#### [WHAT YOU ARE ASKED TO DO]
The listing below is to be written out word for word, minus its images.

#### [DATA SHOWN]
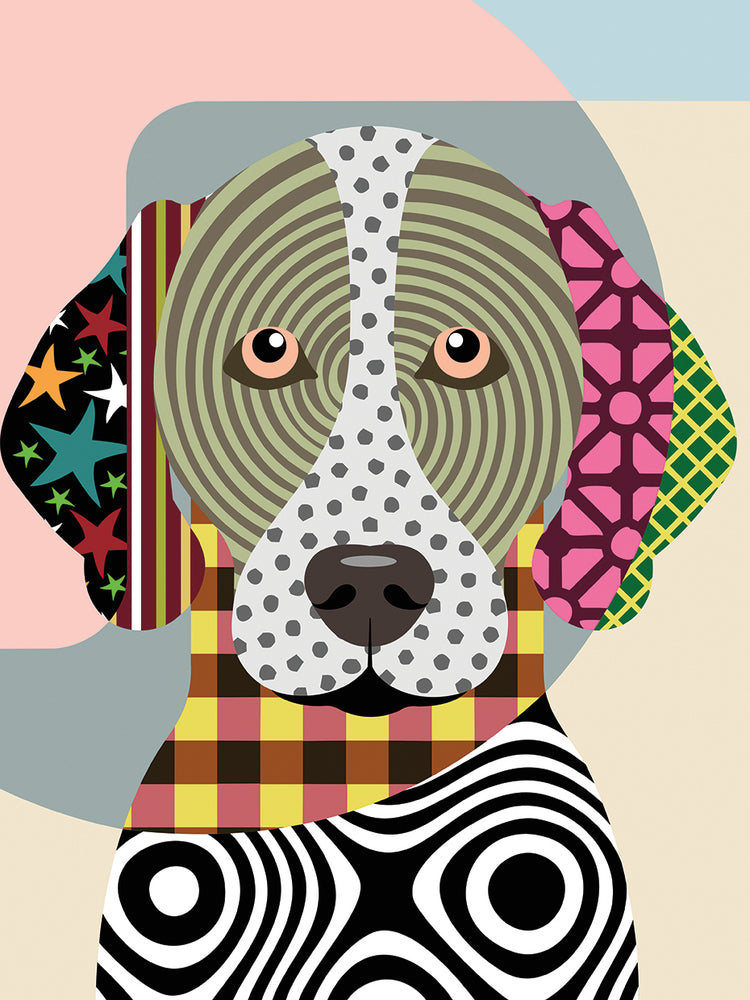 German Shorthaired Pointer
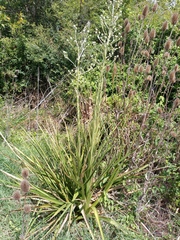 Eryngium eburneum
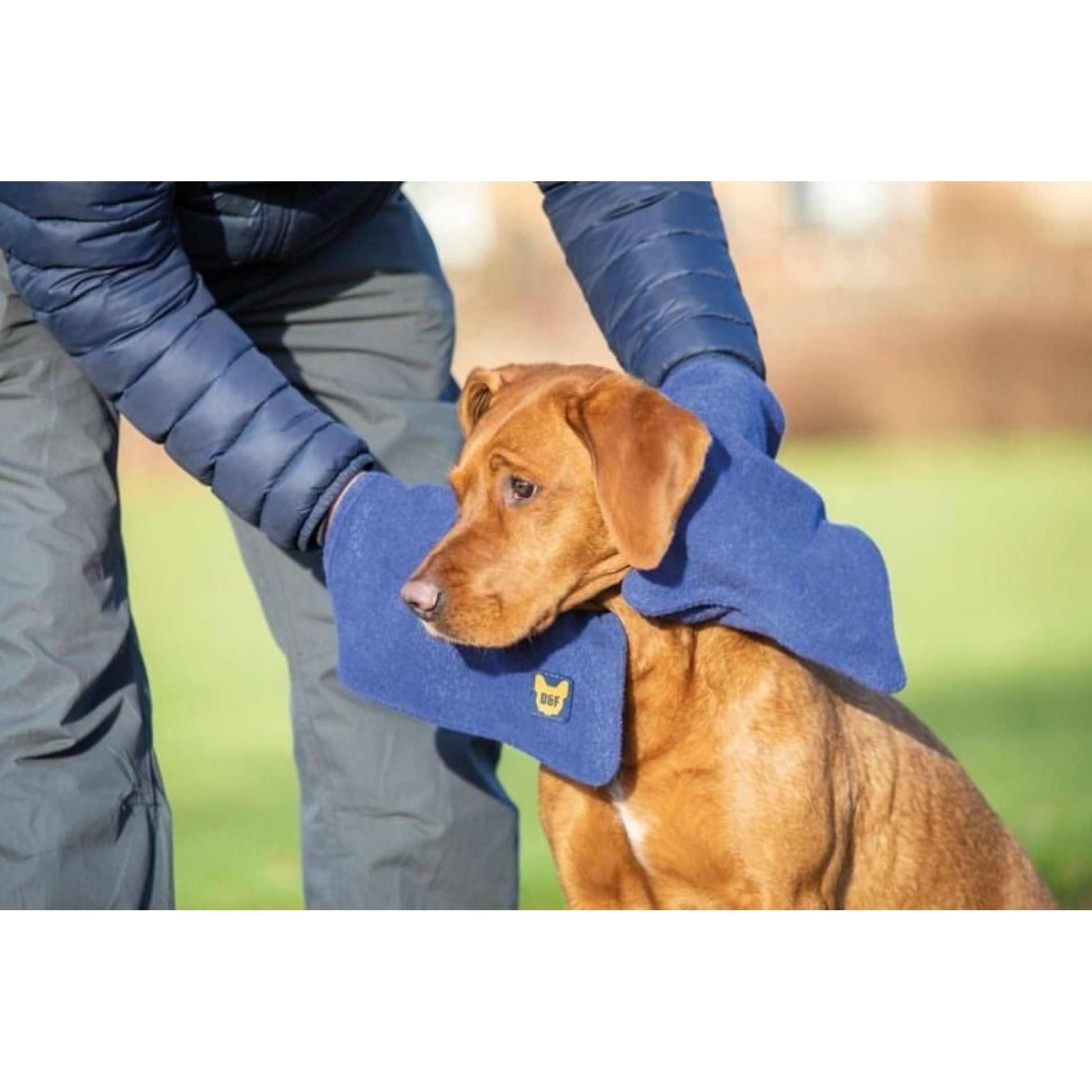 Shires Digby & Fox Dog Towel Glove 100cm x 26cm Na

#### [REPLY]
 German Shorthaired Pointer
 Eryngium eburneum
 Shires Digby & Fox Dog Towel Glove 100cm x 26cm Na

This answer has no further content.